From the back cover:

The year is 1686. Sir Lachlan MacLean, chief of a proud but poverty-stricken Highland clan, has met with a macabre death in his Edinburgh lodgings. With a history of bad debts, family quarrels, and some very shady associates, Sir Lachlan had many enemies. But while motives are not hard to find, evidence is another thing entirely. It falls to lawyer John MacKenzie and his scribe Davie Scougall to investigate the mystery surrounding the death of the chief, but among the endless possibilities, can Reason prevail in a time of witchcraft, superstition and religious turmoil?

Death of a Chief is set in pre-Enlightenment Scotland – a long time before police detectives existed.

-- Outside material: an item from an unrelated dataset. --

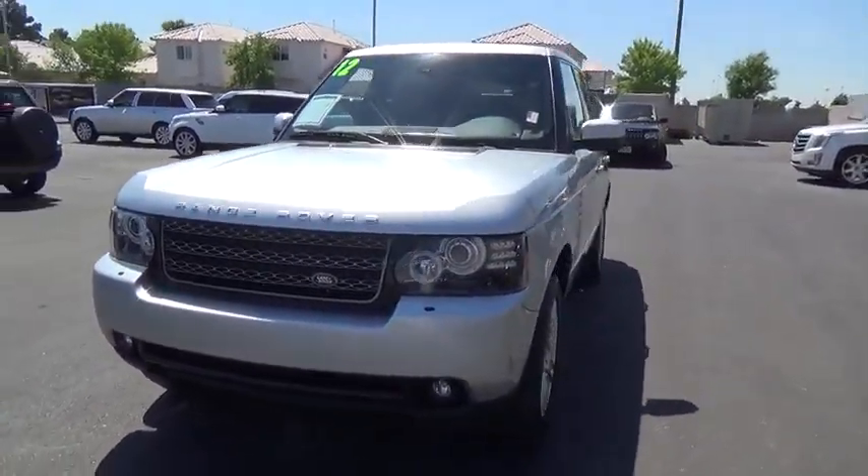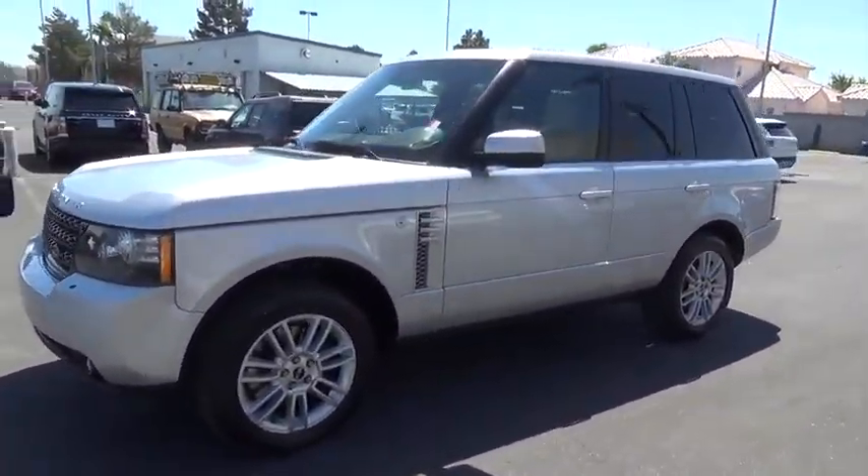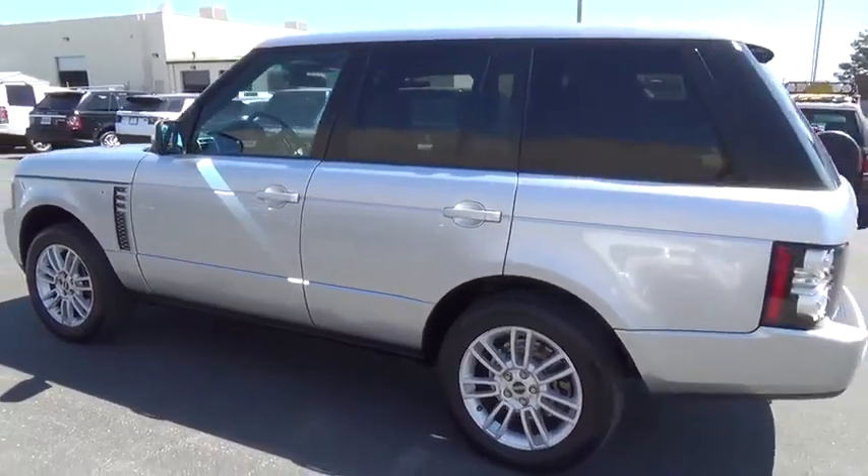The 2012 Land Rover Range Rover. The luxury that's more than a luxury. It's quite apparent throughout our Range Rover heritage. This vehicle has less than 45,000 miles.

I seem to be reading a lot of crime fiction set in Edinburgh recently with Ian Rankin’s Rebus series, but Death of a Chief is set in a different period and at times, it seemed, a different place!  One location that puzzled me was the Nor’ Loch below Castle Rock, where a second body is found – that of James Jossie, the apothecary – I just couldn’t picture a loch actually within the city. I found the answer in Wikipedia  – this area is now occupied by Princes Street Gardens, between the Royal Mile and Princes Street. How different it was before it was drained in 1759, with its muddy shoreline, and its dark dank water in the shade of the black mass of the Castle Rock!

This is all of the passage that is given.